- Born: John Denis Elliott 15 April 1922 Essendon, Victoria, Australia
- Died: 4 November 2007 (aged 85)
- Occupations: Horse racing presenter & journalist

= Jack Elliott (racing journalist) =

Australian journalist

John Denis Elliott (15 April 1922 – 4 November 2007), known for most of his life as Jack, was an Australian horse racing journalist and commentator.

==Early life==

Elliott was born in Essendon, a suburb of Melbourne, in 1922, during a period in Australia's history represented by particularly hard economic times. His parents, John William Elliott and Mary Ann Elliott were living in a shared house in Essendon in 1919 but with the imminent arrival of a new baby moved to a small cottage of their own.

In 1935 he enrolled at St. Joseph's College, North Melbourne and gained his Intermediate Certificate there two years later.

During World War Two, Elliott served as a Warrant officer in the 2nd Australian Infantry Battalion. He was demobilised in May 1946 after completing his duty with the 2/33rd Battalion (Australia).

==Career==

Elliott began his main working career as a copy boy with The Truth (Melbourne newspaper). Following his period of war service he became a sports writer with The Argus (Melbourne) in 1946 before moving on to The Sporting Globe in 1954. While at the Globe, Elliott filled the role of Chief Racing Writer and was a well known identity both on and off the track. In 1957 he moved to The Herald (Melbourne) as Turf editor, a post he held for 30 years.

His other commitments included acting as a Presenter on Channel 7's World of Sport (Australian TV series), where he became good friends with Ron Casey, Bill Collins and Lou Richards. He also spent some time as a radio Presenter with various radio stations including 3DB in Melbourne.

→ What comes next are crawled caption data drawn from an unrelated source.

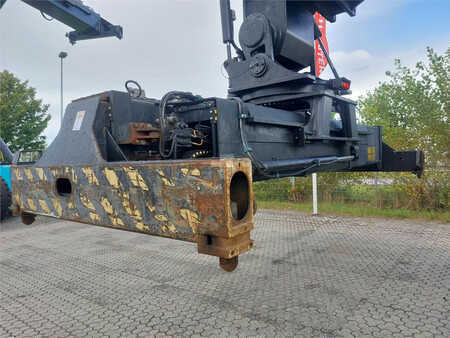 Reachstacker 2016  SMV Konecranes SMV 4531 TC5 (10)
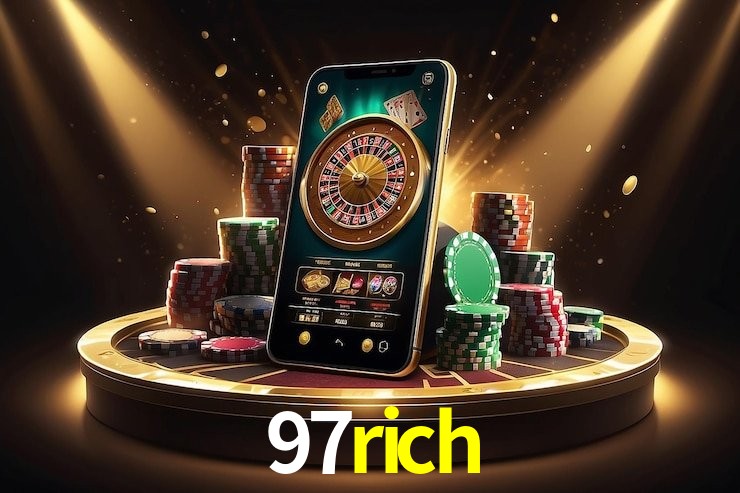 97rich - Aplicativo Móvel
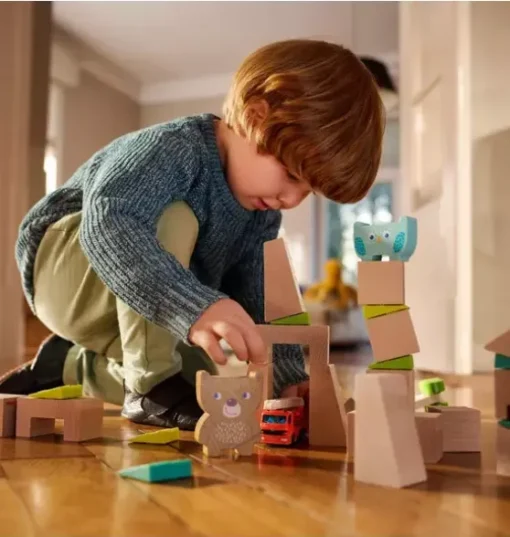 Forest Friends Stacking Toy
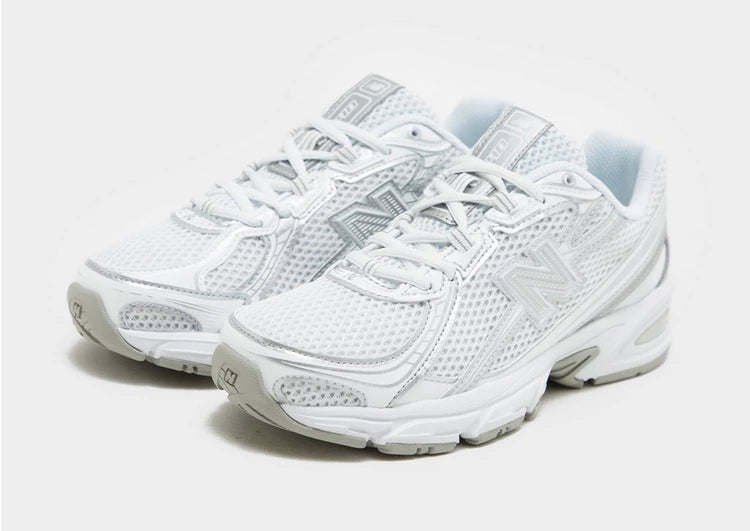 New Balance 740 Blanc Argenté Reflection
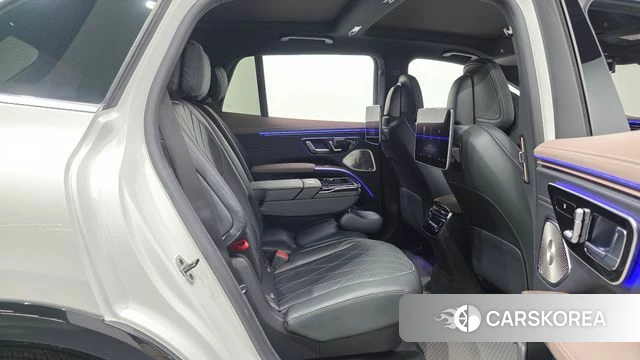 Mercedes-Benz EQS SUV X296 id 4623969 из Кореи 10
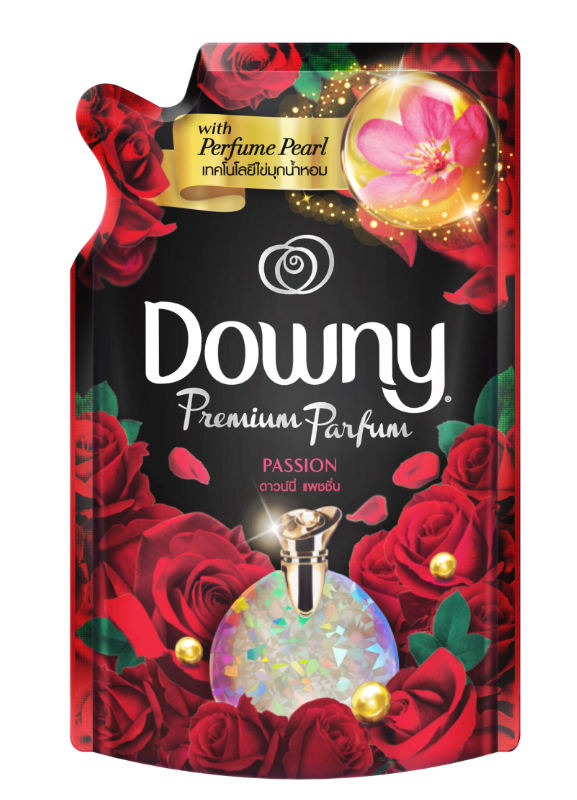 Downy Concentrated Fabric Softener Passion/490ml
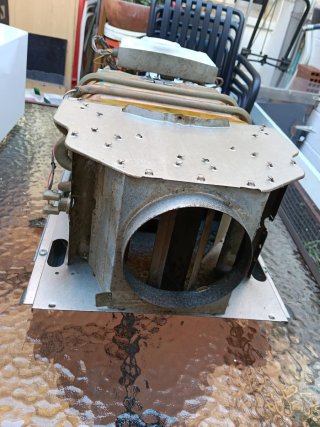 Junkers Termo de Gas Hydropowerplus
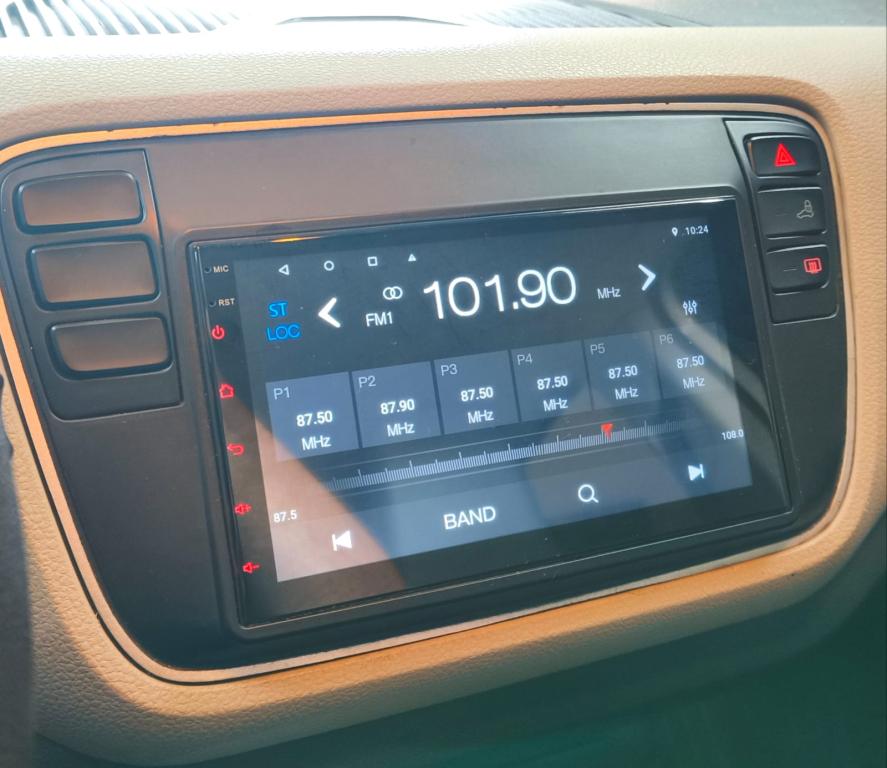 VOLKSWAGEN UP - Foto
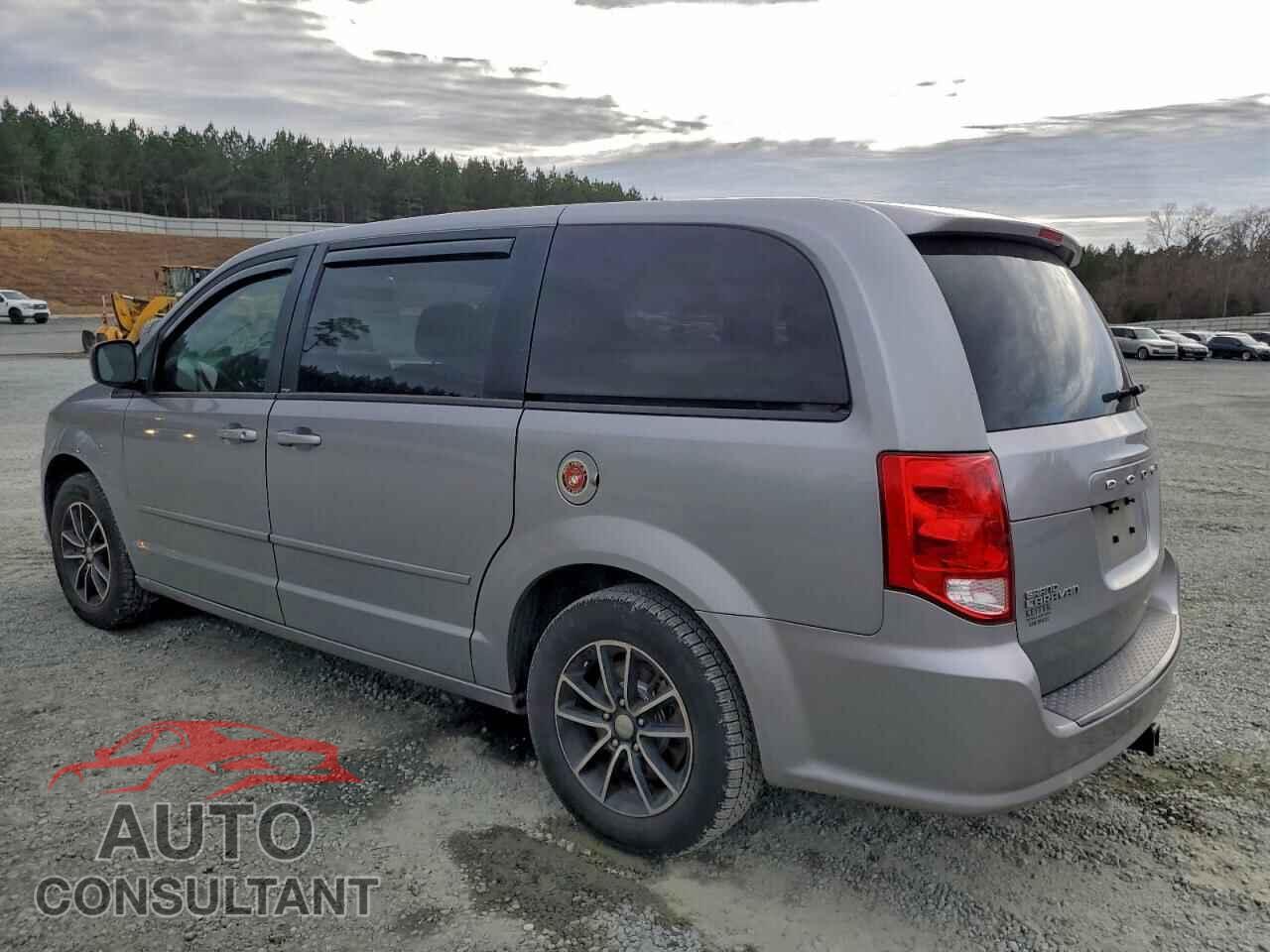 DODGE CARAVAN 2014 - 2C4RDGCG1ER299475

Elliott retired from his career in 1987 after covering numerous Melbourne Cups beginning in the 1940s.

==Later life==

Elliott maintained close links with those in the horse racing field including Tommy J. Smith. He lived with his wife Joan in the Essendon area until the mid 1970s when he moved to South Yarra. Awarded a Medal of the Order of Australia (OAM) for services to the sport of horse racing Elliott died in 2007 after battling ill health for some time.